No caso, o que se faz em Angola, e os agentes em causa fizeram e de forma legal e correcta, se considerarmos estes fundamentos, é em caso de infracção deve passar a correspondente multa, cujo original fica com o condutor e substitui o título de condução, fazendo fé durante este período, a cópia e o título daquele ficam com o agente autuante, como garantia de que a multa será paga. Aliás, mesmo que esta interpretação não colha, para uns chama-se o principio da subsidiariedade das normas, pelo que se pode recorrer à legislação penal.


Em guisa de conclusão, neste item, esteve bem o agente e, obviamente, mal o condutor impetrante porquanto transportava crianças – pelo que ouvimos no vídeo – fora do sistema de retenção legalmente permitido.

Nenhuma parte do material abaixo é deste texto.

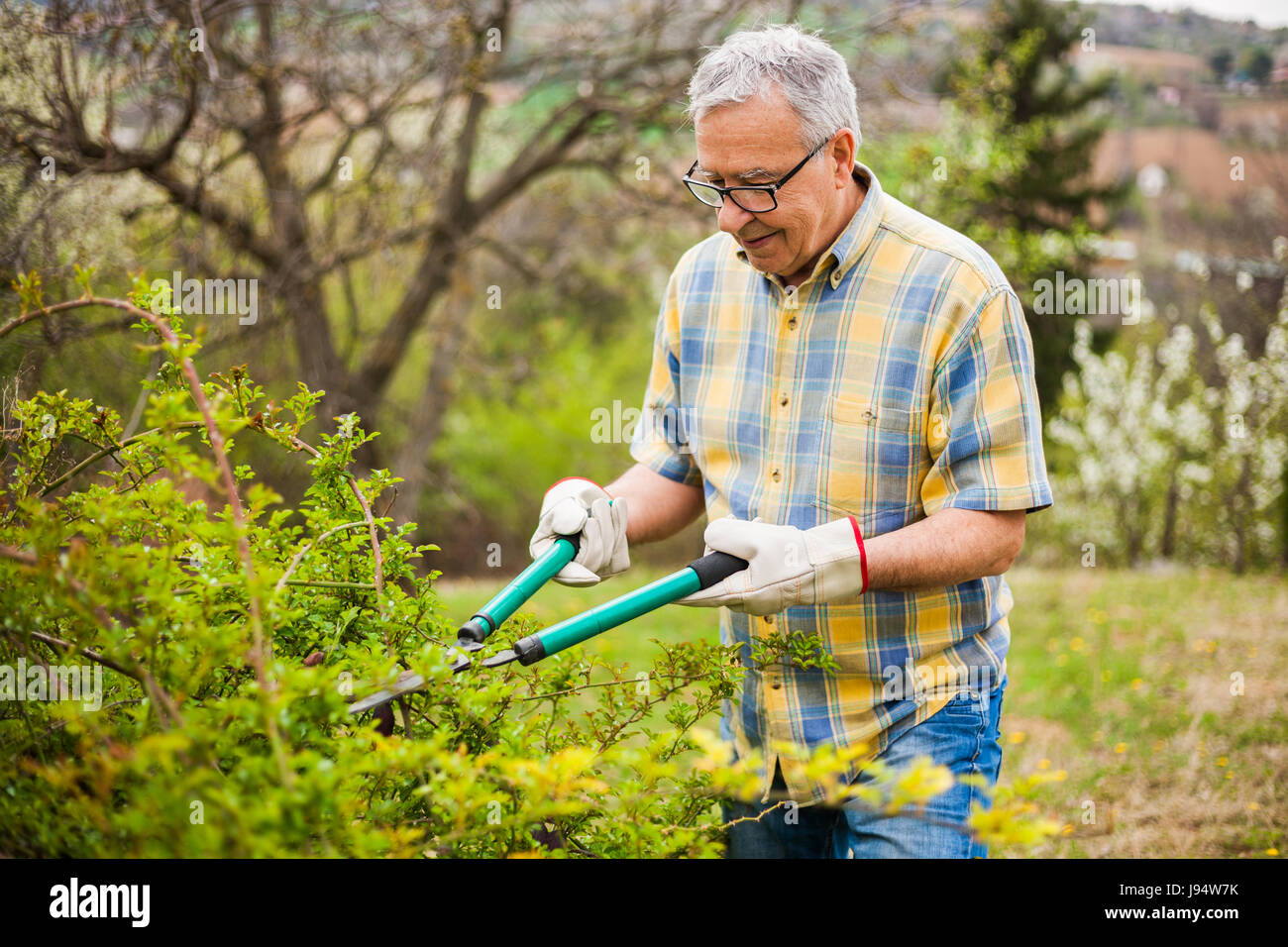 Senior l uomo nel suo giardino. Egli è la potatura di cespugli. Foto Stock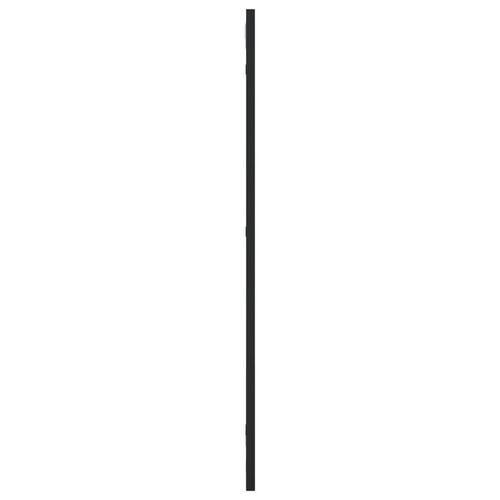 Vægspejl 30x80 cm rektangulært jern sort
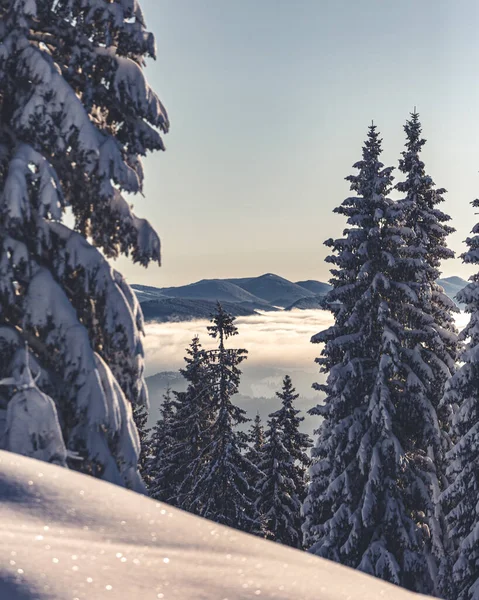 Karla kaplı ağaçlarla kaplı kış manzarası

Quanto ao quesito gravação, Luaty Beirão diz que o fez como forma de obter provas para as utilizar em juízo, se necessário, e mostrar a actuação dos agentes. Neste sentido a matéria subsume-se a vários tipos legais, considerando a natureza da matéria, uma vez em tribunal como ele refere. No geral, as provas têm por função a demonstração da realidade dos factos como se depreende do artigo 341º do Código Cível Angolano.


Portanto, o problema desta reside na sua obtenção e validação por parte do juiz a que o Luaty tencionou leva-las, como disse. Esta obtenção obedece a certas regras, fundamentalmente quando se está diante de processos do fórum criminal.


Neste âmbito, elas deve obediência à regra da sua requisição por parte do juiz, o que não se coloca no caso em concreto. Logo, o vídeo em causa pode em sede do julgamento ser considerado como uma prova obtida de forma fraudulenta pelo que em nada serviria, sem, no entanto, descurar a possibilidade de outras interpretações.


Os agentes, de igual forma, têm que perceber que a missão de representar o Estado num destes locais é de suma importância e de elevado valor. Pelo que, tudo devem fazer para que a autoridade do Estado não esteja em causa, como ocorreu, inquestionavelmente, naquela acção.


O agente justifica a susceptibilidade da multa pelo facto de o condutor, Luaty, no caso, ter transportado crianças sem as respectivas cadeirinhas e se socorre ao artigo 53º do Código de Estrada. Este fundamento legal, de facto, existe, mas não regula a matéria invocada pelo agente, pois, este artigo se refere, na verdade, a pessoas mas tem que ver com a entrada, saída, descarga de pessoas e abertura de portas de veículos.


O preceito correcto sobre a matéria é o 55º do mesmo diploma que estabelece, no nº 2 que o transporte de crianças nas condições acima referidas (número um do artigo) deve fazer-se no banco da retaguarda, utilizando o sistema de retenção adaptado ao seu tamanho e peso, [é aqui onde se enquadram às cadeirinhas a que se referiu, no vídeo, o agente].


Quanto a subsunção à Lei dos factos relativos a atitude do autuado, que unanimemente se reconhece a sua deslealdade ao próprio Estado, nada trazemos porque não se colocou em causa, no vídeo, e, por conseguinte, expurgamos da nossa apreciação.


Ainda assim, somos de entendimento que se os agentes percebessem, essencialmente, a gravidade da postura do autuado que colocou em causa a autoridade do Estado, a qual deve garantir, nos termos do artigo 209º e seguintes da Constituição da República, teriam aprofundado mais a fiscalização, questionando, por exemplo, a legalidade das peliculas (fumos) no veículo do mesmo, em obediência ao que dispõe o artigo 18º nº 2 (Aplicação das peliculas), do Decreto Presidencial nº 185/13 de 7 de Novembro – Regulamento das Características de Veículos, conjugado com os artigos nºs 112º e 113º do Código da Estrada, a legalidade das jantes dos pneumáticos, artigo nº 24º do Decreto citado, da existência do triangulo de sinalização, do colete reflector e do extintor de incendio para aferir se o cidadão que se arroga conhecer o Código da Estrada é, verdadeiramente, exemplo no que ao cumprimento do mesmo diz respeito.


Não o tendo feito, os agentes perderam soberana oportunidade para deixar a sua impressão no vídeo e, desta feita, representarem exemplarmente o Estado e fazer sentir a autoridade que se impõe, pois a soberania, a independência que são o corolário desta função administrativa não pode ser colocada em causa por qualquer pessoa colectiva ou individual!